Most people probably think of Durant as a strictly navy blue-and-gold program. After all, those are two colors that the school uses for, well, just about everything. Branding, uniforms, websites — you name it, it’s covered in navy and gold.
That begs a question: How do those green jerseys fit in with the overall look of the program? I talked to Long about it some time ago, and it turns out that the color is more integrated into the school’s tradition than one would think.
“A lot of people think that our colors are Vegas and navy blue, and they are, but kelly green is also considered a school color,” Long says.
Besides on the gridiron, the color is most prominent during any given spirit week. As with many high schools, each class has its own identifying color. For Durant juniors, theirs is kelly green.
On the field, the team takes its cues from Notre Dame. There’s nothing about the overall uniform design that changes, besides the fact that the jerseys are a different color. The players all seem to love the feeling of pulling that kelly green over their heads and getting ready to put on a show for the Homecoming crowd.

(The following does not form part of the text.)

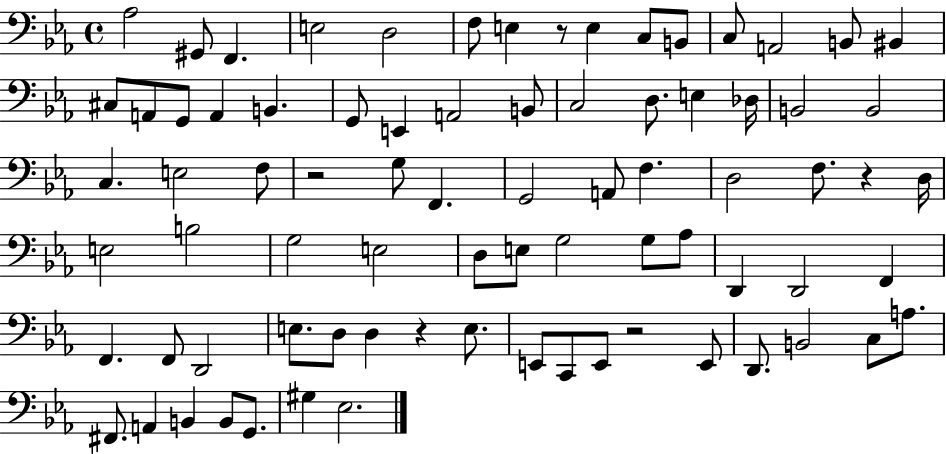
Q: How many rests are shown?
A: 5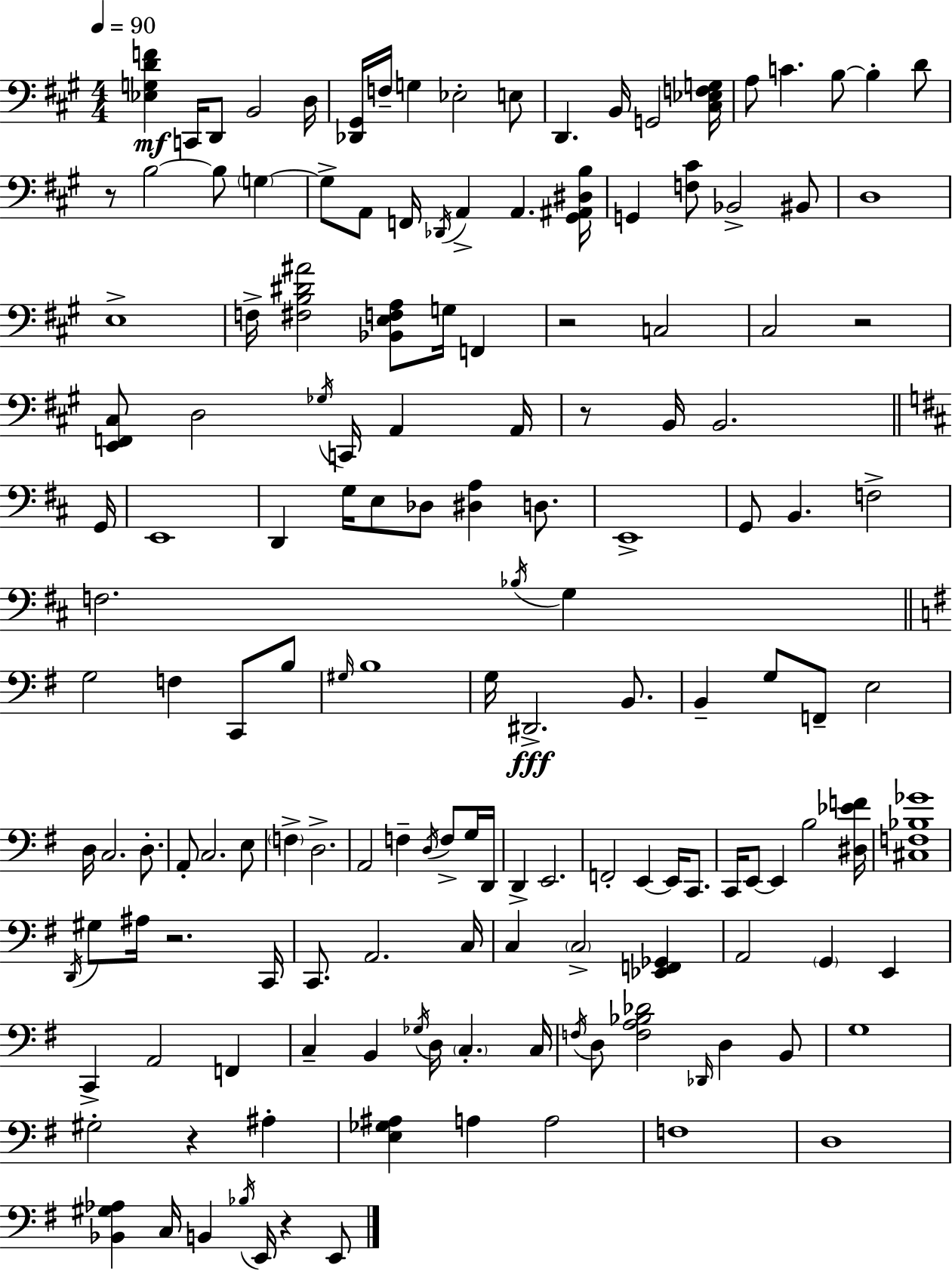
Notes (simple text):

And, as someone with a rooting interest in the Fighting Irish, I hope Durant’s green jerseys aren’t cursed like Notre Dame’s. I’m pretty sure that they aren’t cursed, though, knowing that Durant’s first win of the 2013 season was a 26-0 Homecoming beatdown on Gaither.
“They started wearing those, I’d say, eight or nine years ago,” Long says. “The green was always an official school color, but nobody ever really emphasizes it. It seems like, once our football team started doing that, other teams in other sports started putting green in the jerseys.”
Strawberry Crest, another school that redesigned its uniforms for the 2014 season, doesn’t have an extra, somewhat hidden color in its visual branding.
Typically, a team that wears black or white jerseys, the Chargers have been known to break out a set of reds. The fans could get a look at some new reds tonight, if a hint head coach John Kelly dropped to me holds up.
Apart from that, Crest has one extra Homecoming tradition that pertains to the football team — specifically, the jerseys. On the Friday of Homecoming week, the Crest faculty and staff wear Charger football jerseys over their clothes to get hyped for that night’s game.
“That’s a neat show of support from the staff, the faculty and administration, towards the football game and the football program as a whole,” Kelly says.
When I was in high school, we didn’t have anything like that. There were only two sets of uniforms, and the only time I can recall seeing the faculty in jerseys was when there was a general sports theme for one day. None of them wore Lake Region jerseys.
Maybe the closest any big group came to putting on a Thunder uniform was in my senior year, but that was when the entire Varsity baseball team dressed up as the head coach/athletic director/lunch detention overseer and stayed in character all day. That was hilarious, and I encourage any local high school teams with interesting head coaches to do the same — in good taste — when the opportunity arises.
Cougars and Chargers — have an awesome Homecoming weekend. Let’s play some football!